Bank Indonesia (BI) baru saja mengambil langkah mengejutkan dalam Rapat Dewan Gubernur (RDG) Mei 2026. Setelah menahan suku bunga acuan selama 8 bulan berturut-turut di level 4,75%, BI memutuskan untuk menaikkan BI Rate sebesar 50 basis poin (bps) menjadi 5,25%.
Langkah agresif ini diambil sebagai jamu pahit demi menyelamatkan nilai tukar Rupiah yang tertekan akibat geopolitik di Timur Tengah dan ketidakpastian pasar global.
Bagi masyarakat awam, kenaikan suku bunga acuan ini bukan sekadar angka di berita finansial. Kebijakan ini punya efek domino langsung ke dompet Anda, terutama bagi yang memiliki cicilan atau sedang berencana mengajukan kredit.
Apa Saja Dampak Nyatanya bagi Dompet Kita?

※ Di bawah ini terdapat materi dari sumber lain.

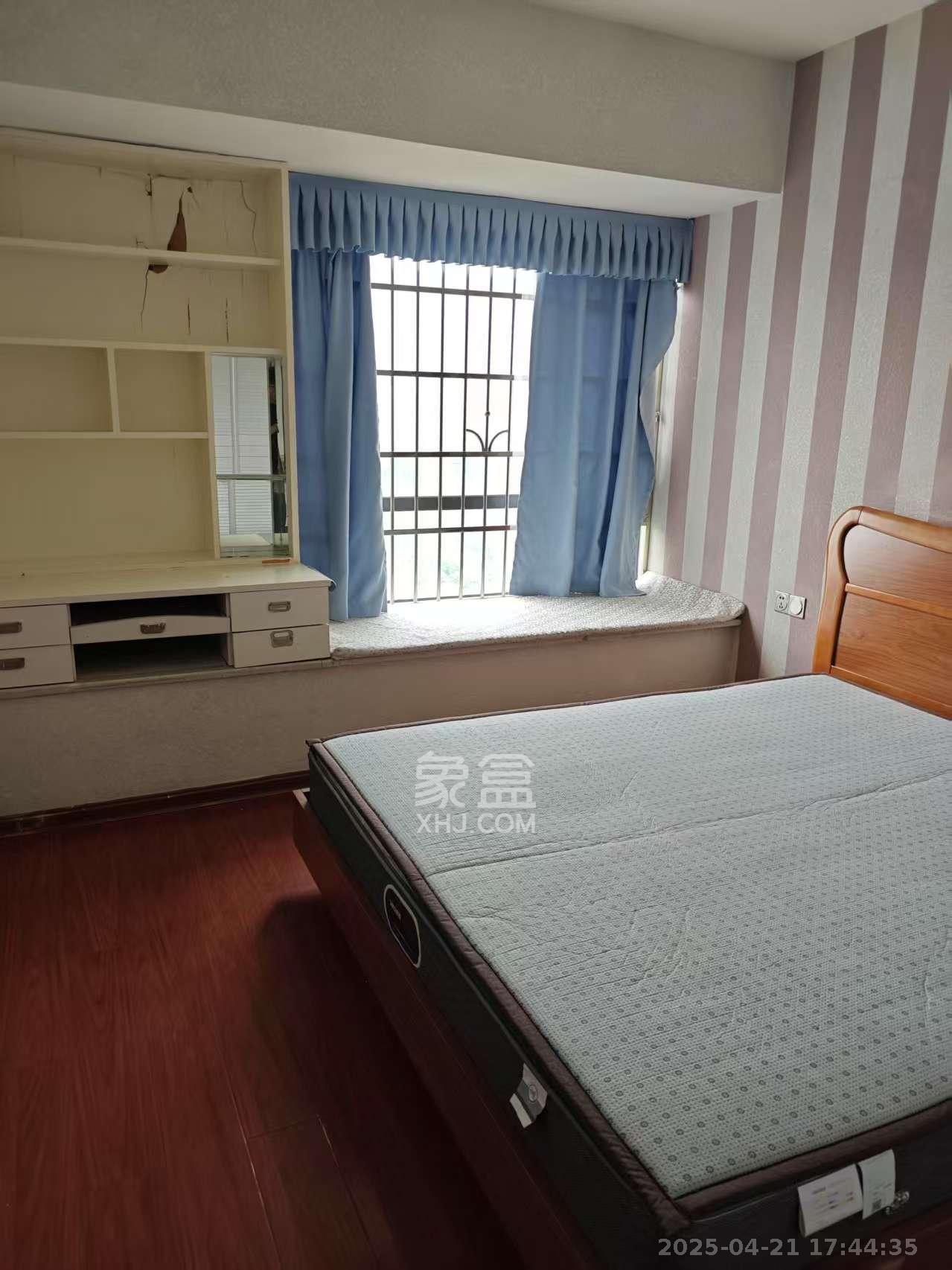 兰亭峰景  2室2厅1卫   2600.00元/月室内图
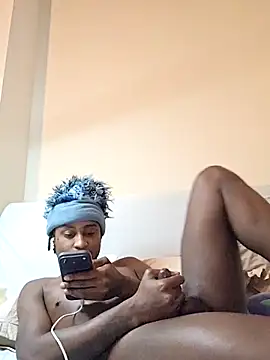 DarkSkinStroker webcam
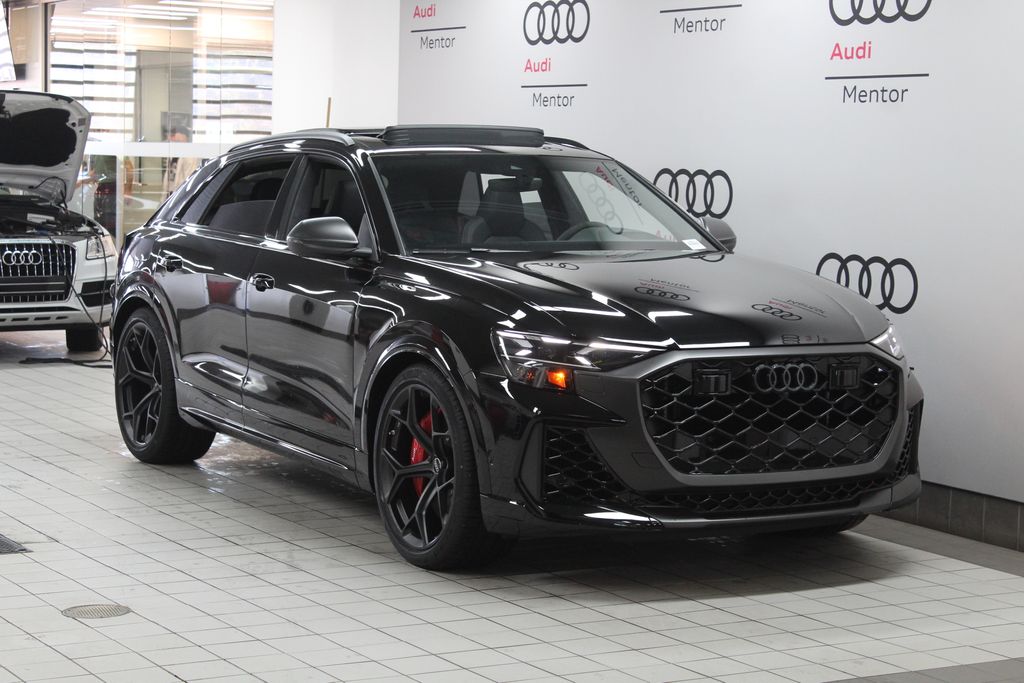 Thumbnail: 2026 Audi RS Q8 - 8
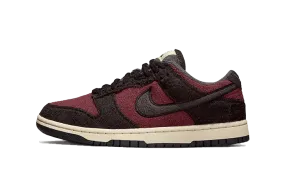 Dunk Low SE Fleece Burgundy Crush evening runs Supportive Design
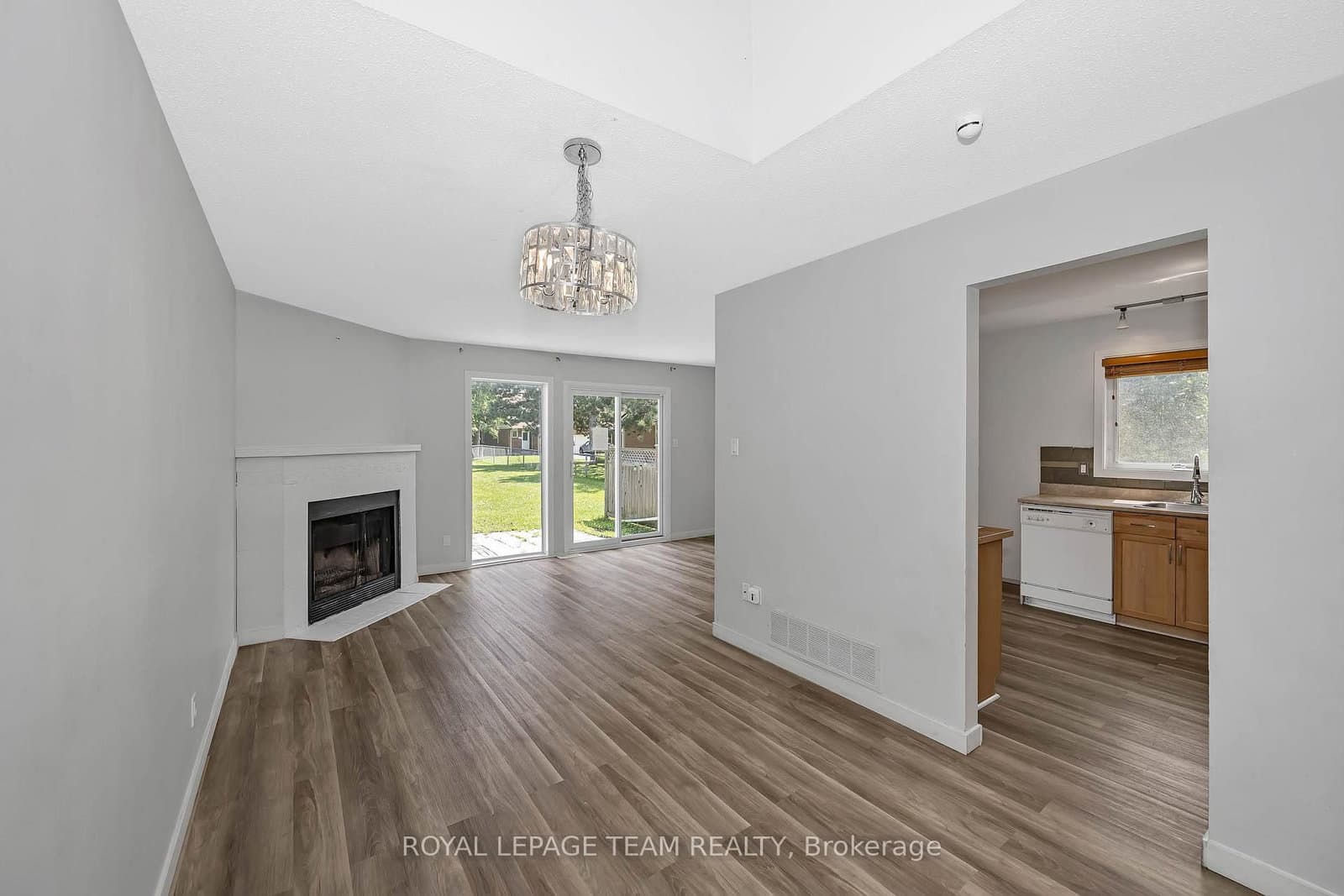 563 Parasol Court, Ottawa, ON — photo 8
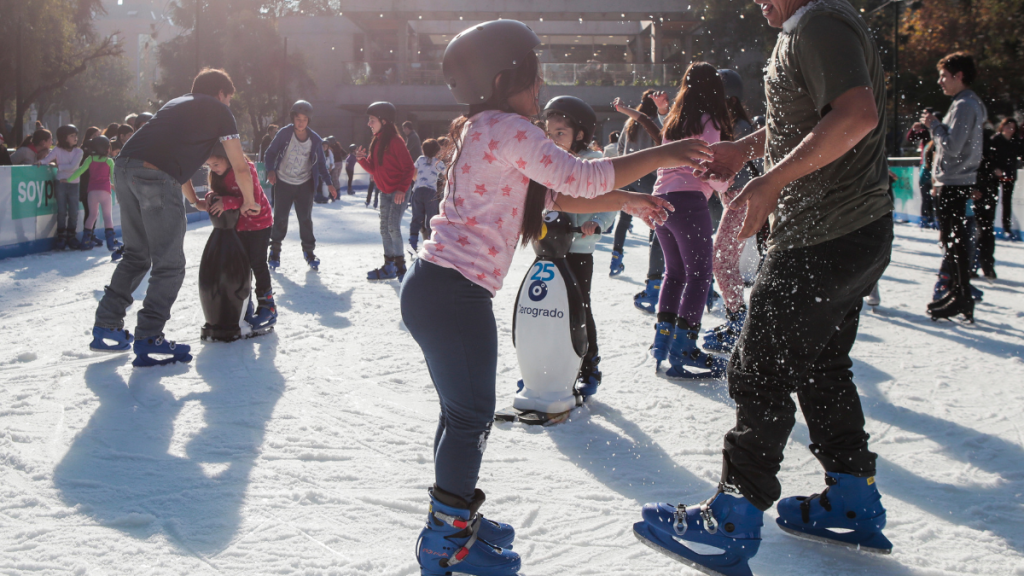 Pista De Hielo Panorama Vacaciones De Invierno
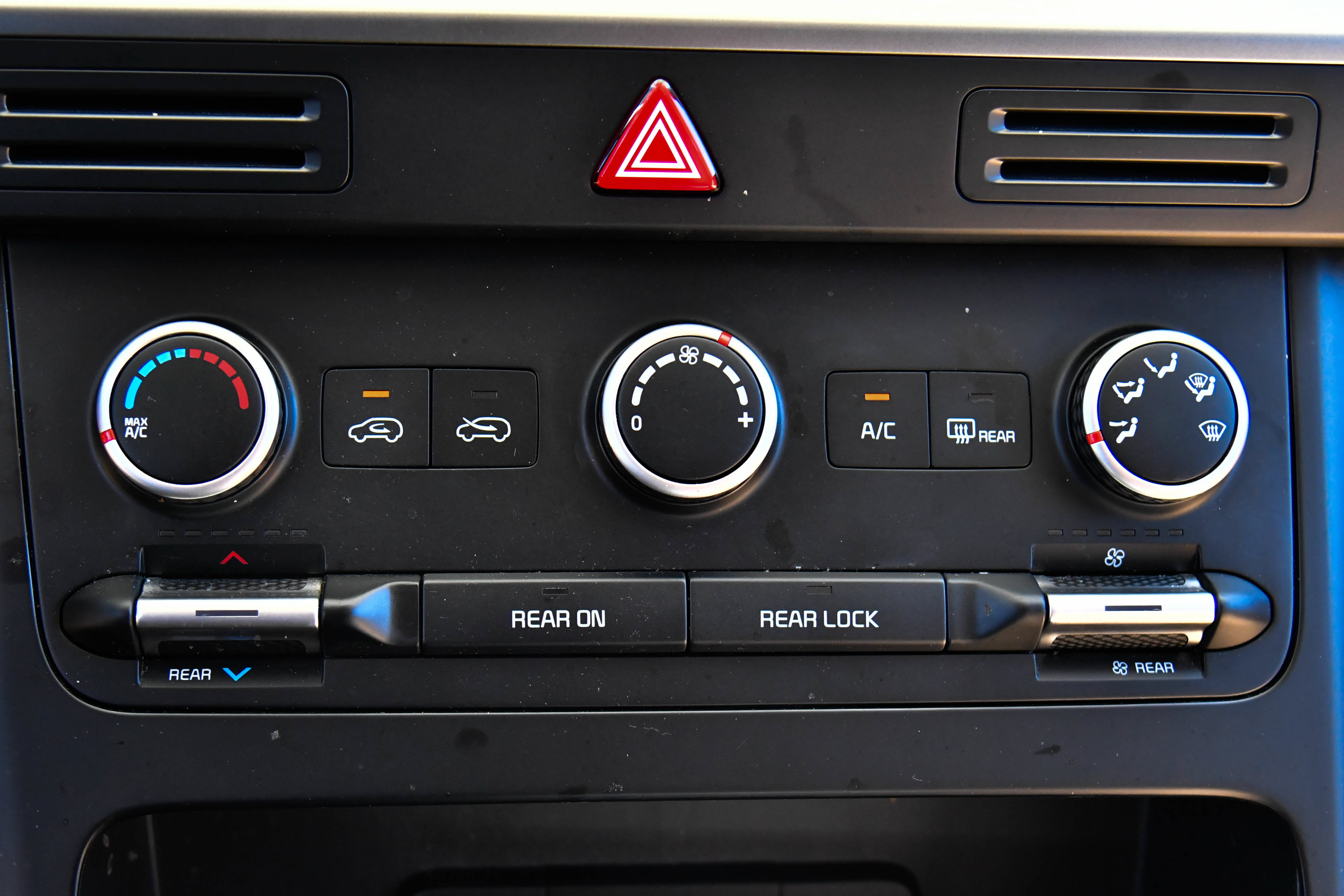 Used 2022 Kia Carnival LX FWD image 23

Ketika BI Rate naik, bank-bank komersial (seperti BCA, Mandiri, BRI, dll.) biasanya akan ikut menyesuaikan suku bunga mereka dalam waktu 3 hingga 6 bulan ke depan. Berikut adalah dampaknya secara langsung:
1. Cicilan KPR Berjalan (Suku Bunga Floating) Siap-Siap Naik
Bagi Anda yang sedang mencicil rumah dengan skema KPR dan sudah memasuki masa bunga mengambang (floating rate), bersiaplah menghadapi potensi kenaikan tagihan bulanan. Kenaikan 50 bps pada BI Rate lambat laun akan membuat bunga floating KPR ikut merangkak naik, sehingga porsi bunga yang Anda bayar ke bank menjadi lebih besar.
Catatan: Untuk Anda yang masih dalam masa fixed rate (bunga tetap), cicilan Anda akan tetap aman sampai masa promo tersebut habis.
2. Pengajuan Kredit Baru Menjadi Lebih Mahal
Jika Anda berencana mengajukan Kredit Tanpa Agunan (KTA), Kredit Kendaraan Bermotor (KKB), atau kredit modal usaha untuk bisnis dalam waktu dekat, suku bunga yang ditawarkan bank kemungkinan besar akan lebih tinggi dibanding bulan lalu. Biaya pinjaman yang membengkak ini otomatis membuat nilai cicilan bulanan baru jadi lebih berat.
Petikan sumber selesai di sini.